Faktoring to forma finansowania, która polega na sprzedawaniu firmie faktoringowej faktur z odroczonym terminem płatności. Mechanizm działania faktoringu jest bardzo prosty. Gdy firma transportowa wystawia fakturę z odroczonym terminem płatności (np. 90 dni), nie musi czekać na przelew od kontrahenta. Przedsiębiorca może dostarczyć fakturę firmie faktoringowej, która przekaże na konto firmowe przewoźnika określoną kwotę. Tym sposobem od razu zyskuje środki finansowe na bieżące wydatki lub inwestycje. Gdy kontrahent zapłaci fakturę w ciągu 90 dni, pieniądze nie trafiają do firmy transportowej, ale do instytucji finansowej, czyli faktora. Oczywiście przedsiębiorca musi ponieść koszty finansowania, na które ma wpływ wiele czynników. Często wybieranym przez firmę transportową jest faktoring cichy. Wówczas kontrahent nie dowiaduje się o finansowaniu, dzięki czemu relacje pomiędzy obiema stronami zostają nienaruszone.

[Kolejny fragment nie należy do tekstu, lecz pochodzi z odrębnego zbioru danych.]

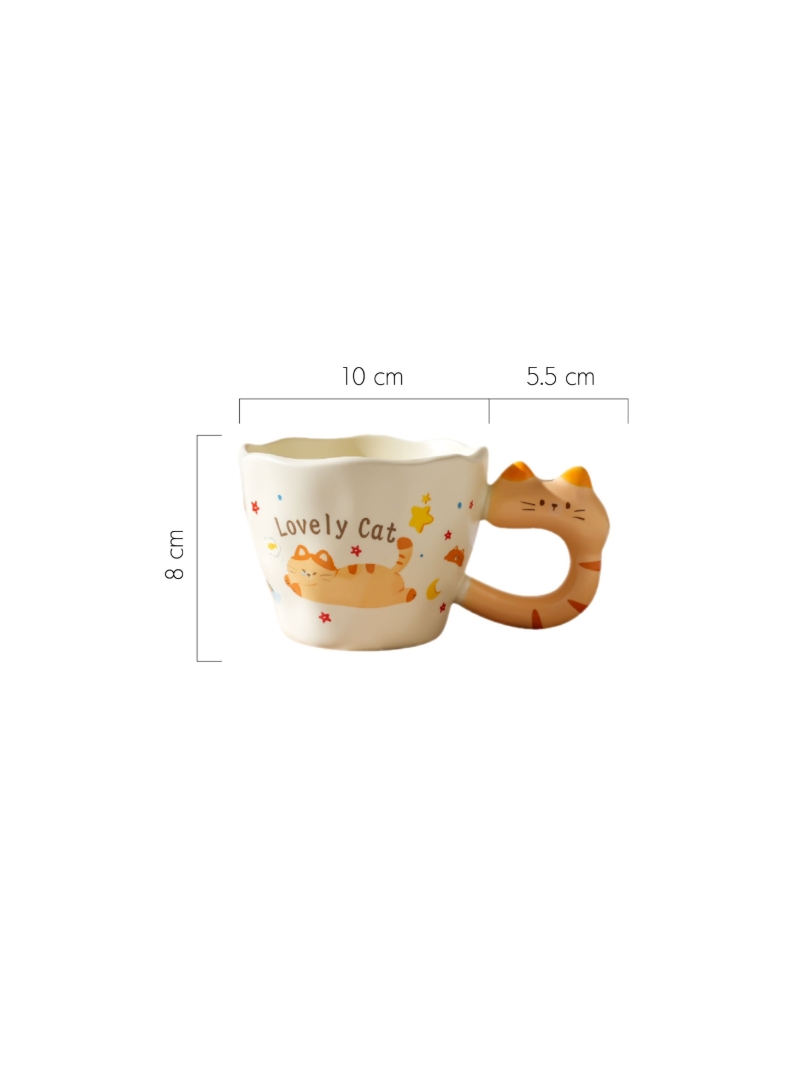 Caneca de café de cerâmica 3D com estampa de gato fofo - Arco Iris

Koszty finansowania przedsiębiorstw
Obecnie banki cieszą się większym poziomem zaufania niż inne instytucje finansowe. Jednak warto rozważyć opcję faktoringu ze względu na co najmniej kilka czynników. Jednym z nich są koszty finansowania. Dla przykładu, kredyt obrotowy w wysokości 100 tys. zł z 9-procentową roczną stopą oprocentowania będzie kosztować 9 tys. zł. Rzeczywisty koszt kredytu jest ustalany indywidualnie, a na jego wysokość mają wpływ m.in. oprocentowanie (nawet do kilkunastu procent), prowizja, marża, WIBOR czy zabezpieczenie kredytu.
W przypadku faktoringu pobierana jest przez faktora prowizja przygotowawcza (np. 1 proc.) od limitu faktoringowego przyznanego faktorantowi. Następnie firma faktoringowa wypłaca przedsiębiorcy zaliczkę od wartości brutto faktury (np. 80 proc. w przypadku faktoringu tradycyjnego) na poczet przyszłej płatności od kontrahenta. Faktor pobiega również odsetki kapitałowe, czyli wynagrodzenie za korzystanie z kapitału faktora, oraz odsetki za opóźnienie, które są rekompensatą za nieterminowe uregulowanie należności. Obecnie wysokość odsetek ustawowych wynosi maksymalnie 7,2 proc. w skali roku. Przykładowo:
Wartość faktury brutto: 100 000 zł.
Wypłacona zaliczka: 80%, czyli 80 000 zł.
Odsetki: 7,2% w skali roku.
Prowizja faktoringowa liczona od wartości faktury brutto: 1%.
Termin finansowania: 30 dni.
Odsetki: 80 000 x 7,2% x 30 (dni)/365 (dni) = 4 734 zł
Prowizja: 100 000 x 1% = 1000 zł.
Łącznie koszt faktoringu wynosi 5 734 zł. Zwykle umowa faktoringowa podpisywana jest na czas określony lub bezterminowo z ustalonym okresem wypowiedzenia. Ponadto przedsiębiorca sam decyduje ile i jakie faktury chce sprzedawać.
Które rozwiązanie wybrać?
Każda z opisanych form finansowania odpowiada innym potrzebom przedsiębiorcy. Dla właściciela firmy, który jednorazowo potrzebuje 100 tys. zł na zakup sprzętu, bardziej opłacalną opcją jest kredyt obrotowy. Faktoring jest polecany właścicielom firm, którzy oczekują szybkich i systematycznych wpływów na konto. Wówczas mają możliwość zachowania płynności finansowej oraz budowania większych oszczędności. Korzystając z kredytu bankowego trzeba liczyć się z rygorystycznymi wymaganiami, a im wyższe ryzyko kredytowania, tym mniej korzystne warunki dla kredytobiorcy. Natomiast wymagania stawiane przez firmy faktoringowe są zdecydowanie niższe. Faktor weryfikuje kontrahenta, na którego wystawiona jest faktura oraz określa minimalny okres prowadzenia działalności gospodarczej.